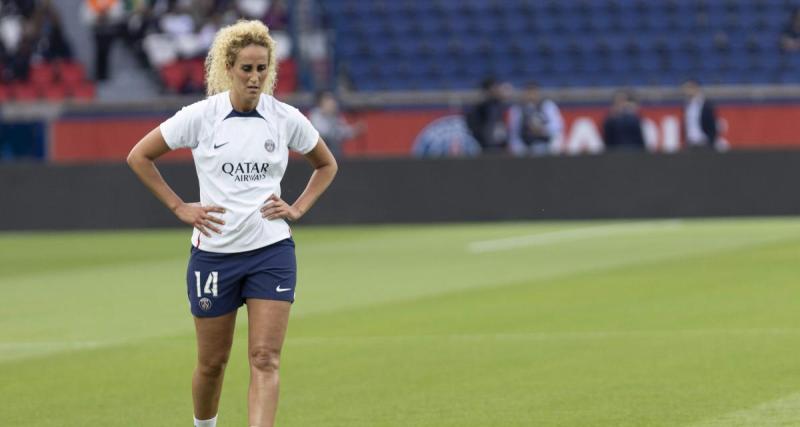  - "En France, on n'aime pas les victimes" : Hamraoui règle ses comptes avec le PSG et les Bleues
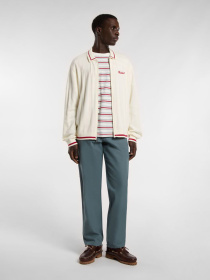 Кофта Dickies Lewistown FZ модель DK0A4Z79C481 Фото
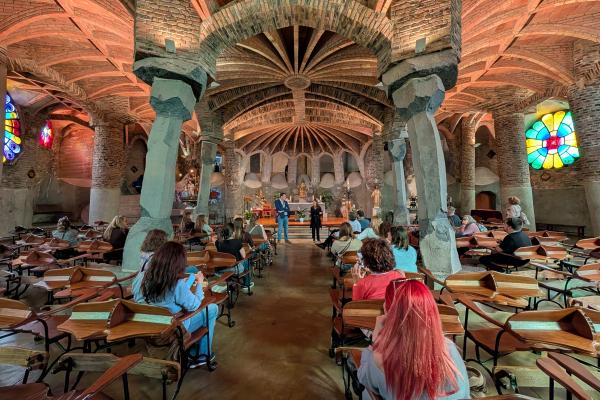 El Baix Llobregat acull les XXX Jornades Tècniques de la Xarxa d’Oficines de Turisme de Catalunya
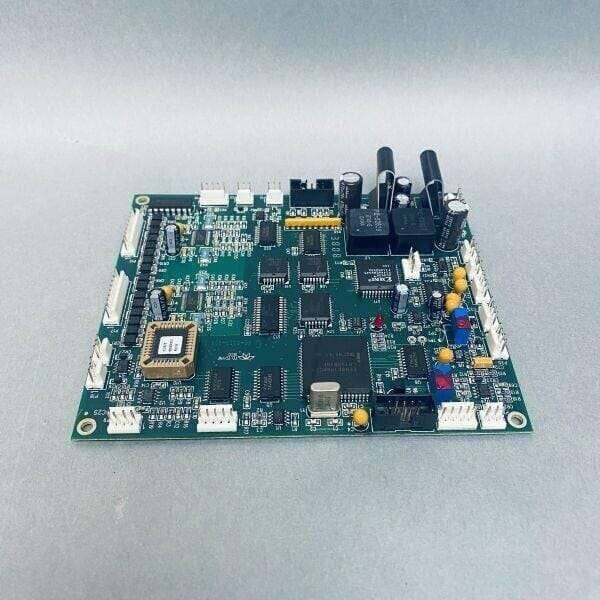 Teledyne Isco Control Board for Combiflash Companion XL Printed Circuit Boards (PCBs) Teledyne Isco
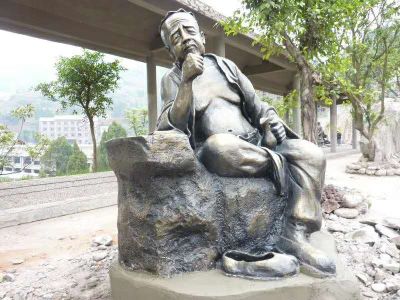 贵州禹城雕塑工程有限公司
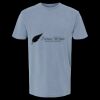 6500M - Best Value Ringspun Garment-Dyed T-Shirt Thumbnail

· · ·

What this task involves:
In your copy, leave out the pictures and reproduce the material above exactly.

Answer space:
  - "En France, on n'aime pas les victimes" : Hamraoui règle ses comptes avec le PSG et les Bleues
 Кофта Dickies Lewistown FZ модель DK0A4Z79C481 Фото
 El Baix Llobregat acull les XXX Jornades Tècniques de la Xarxa d’Oficines de Turisme de Catalunya
 Teledyne Isco Control Board for Combiflash Companion XL Printed Circuit Boards (PCBs) Teledyne Isco
 贵州禹城雕塑工程有限公司
 6500M - Best Value Ringspun Garment-Dyed T-Shirt Thumbnail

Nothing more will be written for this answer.